2.      Struktur tugas
Struktur dapat bervariasi dalam pendefinisian masalah. Untuk struktur yang tinggi, masalah yang harus diselesaikan siswa didefinisikan secara hati-hati (dikerjakan secara terstruktur). Untuk struktur yang rendah siswa bebas memilih dan mendefinisikan masalah. Untuk struktur tugas yang tinggi siswa diberi bimbingan untuk menyelesaikan masalah dan bahan apa saja yang dibutuhkan.

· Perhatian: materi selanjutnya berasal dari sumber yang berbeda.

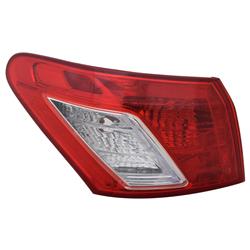 TYC Taillights for 2007-2009 ES350 - 11-6390-01-9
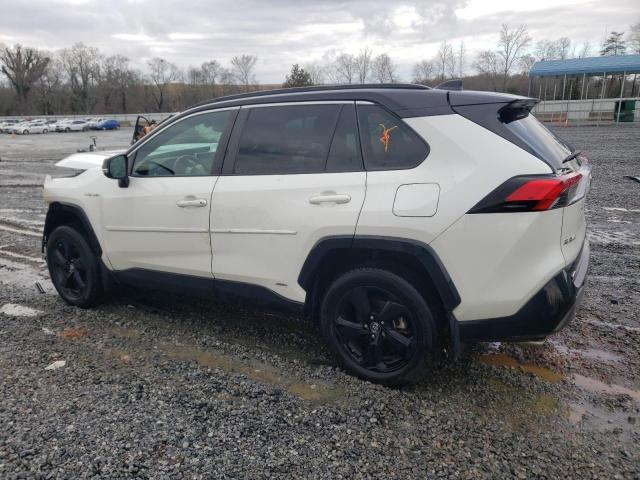 2019 TOYOTA RAV4 XSE - 2T3EWRFV0KW020324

3.      Partisipasi kelompok
Jika target pembelajaran ditujukan untuk pembelajaran kooperatif atau kolaboratif (atau menggunakan dasar keterampilan kelompok yang lain), guru harus menetapkan tugas yang setidaknya melibatkan sebagian atau seluruh aktivitas kelompok dengan tetap memperhatikan performance secara individu.
4.      Hasil dan proses
Penilaian proses dilihat dari langkah-langkah dan prosedur performance siswa, bukan hasil dari pengamatan dan evaluasi. Sedangkan penilaian hasil dilihat dari produk konkritnya.
5.      Modalitas kerja
Beberapa target pembelajaran yang spesifik yaitu siswa mampu mengkomunikasikan pengetahuannya dengan beberapa cara, menyelesaikan permasalahan menggunakan beberapa metode.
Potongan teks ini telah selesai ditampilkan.